Singapore's Economic Growth Projected to Thrive on Global Tech Surge in 2025: Insights from MAS
2024-10-28
Author: Mei
SINGAPORE: The Monetary Authority of Singapore (MAS) has shared an optimistic outlook for Singapore's economy, indicating that growth in 2025 will likely mirror this year’s performance. According to MAS’s latest half-yearly macroeconomic review, the expansion of the economy will be fueled by a significant upswing in the global technology sector, alongside improving financial conditions.
This year, Singapore is anticipated to grow at the upper echelon of the forecast range of 2% to 3%. MAS emphasized that the trade-related and modern services clusters will primarily bolster GDP growth in both 2024 and 2025.
The report paints a “generally sanguine” picture for global trade, forecasting that the recovery in technology will extend beyond artificial intelligence (AI) infrastructure to include consumer technology products. As companies accelerate their digitization efforts, the heightened adoption of AI is expected to bolster the information and communication industry.
Support from the global monetary policy easing is likely to benefit Singapore's financial sector. Fund managers are witnessing a rise in assets under management, reflecting a growing interest from international investors in the Asian market.

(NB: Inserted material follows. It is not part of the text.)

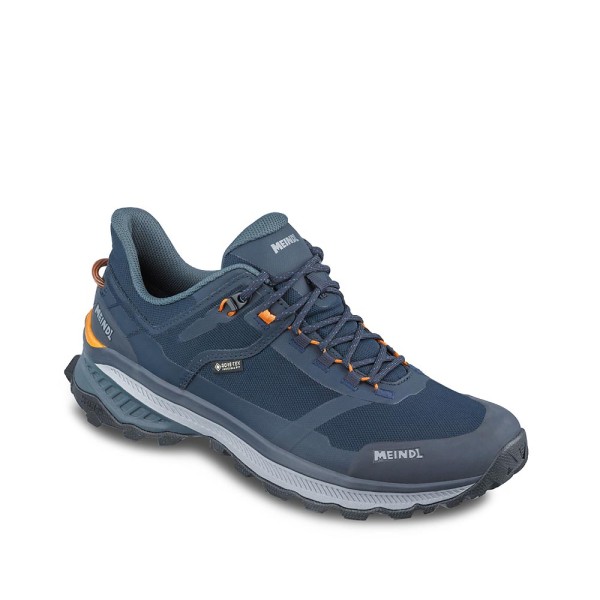 MEINDL "Tahoma GTX"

Strong Manufacturing Recovery in Q3
Singapore's economy recorded a striking rebound in the third quarter of this year, with an advanced GDP estimate of 4.1%. Notably, this growth outpaced the pre-pandemic average, with nearly 60% of industries reporting above-average growth between July and September.
The resurgence is largely attributed to revitalized external sectors alongside a robust recovery in manufacturing. Increased financial trading activity, coupled with a surge in Chinese tourist arrivals, has significantly contributed to the economic uplift.
Every manufacturing cluster registered output growth in Q3, with the electronics sector leading the charge at a remarkable 15.4% increase compared to the previous year. The biomedical sector also marked a significant comeback, growing by 8.8% after experiencing ten consecutive quarters of decline.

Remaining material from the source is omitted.